Thank you for sharing the video, Patrick. I found it really interesting and helpful. Your codes are so clean! I recently read your 2024 paper in mSphere which discussed rarefaction and touched on Good's coverage. The paper left me wondering about coverage thresholds. For instance, is there a threshold of, say, >85% that indicates a reliable capture of community diversity/composition?

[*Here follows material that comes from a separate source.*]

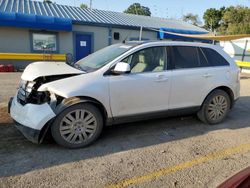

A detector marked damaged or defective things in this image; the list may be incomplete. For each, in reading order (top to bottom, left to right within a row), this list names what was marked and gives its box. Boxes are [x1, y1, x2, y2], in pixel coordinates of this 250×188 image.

@@Riffomonas Thanks for the fast response Patrick! This kind of more direct interaction with researchers is so nice. Well, at the end of the day the only thing that can be done is more sequencing, right? Hahah
Thank you!! The video is great, i have learned a lot from it. I have one question here. I got very imbalanced sequenced data, such as sample 1 had 300k sequences while sample 2 had only 127 sequences. I want to rarefy the OTU to 5000 sequences so i used the same method to check the coverage of my data. However, i found the coverage is not good because several coverages of some samples are below 90%, but the seqs of the samples are about 20k-30k. How do i deal with such problems?
Would love to hear your thoughts on relative abundance versus absolute count. I’m working with 16S from swabs, so we can’t normalize starting material. I’ve had people ask about absolute values but I can’t really figure out a way to do that since each sample started with different amounts and aren’t consistent! Thanks!
I think you’d need a spike in control to back out the abundance. Regardless, I think that if you want absolute abundance you would be better off using qPCR for the specific populations you are interested in
This was super helpful! Thanks a lot. One quick question: Say you have a sample with a low number of sequences, but high good's coverage. Can you "trust" this sample? Or should there be a minimum sequencing depth you still need to decide on?
I'm also doing human gut microbiome study and mine needs 100,000 reads. However, the rarefaction curve even looks worse when I rarefied to 15,000 reads. Confused...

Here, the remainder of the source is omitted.